An NIPT test separates the mother's DNA from the ccffDNA by processing her blood sample. The baby's genome is then tested to see whether there are any chromosome abnormalities, which can lead to disorders like Down Syndrome. Women with high-risk pregnancies are currently advised to get NIPT tests. Maternal age, a family history of chromosomal abnormalities, or prenatal testing (ultrasound, serum screening) that has revealed a risk for Down Syndrome or other genetic diseases are all risk factors.

The test has been verified and is currently recommended for singleton NIPT東京 with a gestational age of at least 10 weeks. Within 10 to 2 weeks, test results are usually available. If a woman wants to take an NIPT test, she should talk to her obstetrician about it.

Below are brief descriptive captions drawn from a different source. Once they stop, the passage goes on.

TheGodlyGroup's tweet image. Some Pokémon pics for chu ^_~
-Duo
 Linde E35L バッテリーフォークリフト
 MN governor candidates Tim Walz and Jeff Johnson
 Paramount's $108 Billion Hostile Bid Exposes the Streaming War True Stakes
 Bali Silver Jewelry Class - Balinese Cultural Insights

The screening examines the baby's DNA to determine the likelihood of developing the chromosomal diseases Trisomy 21 (Down Syndrome), Trisomy 18 (Edwards Syndrome), and Trisomy 13 (Patau Syndrome).

NIPT test kits with a high level of precision are currently available from a number of companies in the region. The average risk factor accuracy is 99 percent for recognising Down and Edwards Syndrome risk. Between 80 and 92 percent of Trisomy 13 tests are accurate. There are a few NIPT alternatives on the market, such as Prenatest from Lifecodexx in Germany, which is the first CE-IVD approved prenatal diagnostic test that has been validated in a European collaborative validation study.

It's vital to realise that NIPT testing only determines the genetic abnormality risk level. The results do not clearly prove whether or not a baby has a genetic issue, but the chances are quite high that if the test results indicate a problem, there is one. The number of tests that show a chromosomal abnormality when none exists is between 0.5 and 1%.

An amniocentesis or CVS test is usually advised when a test result is positive, indicating a high risk for a genetic disease. It's also worth noting that the current NIPT tests only look for the chromosomal abnormalities indicated above. A wider number of genetic tests will most likely become available as this form of screening grows more popular.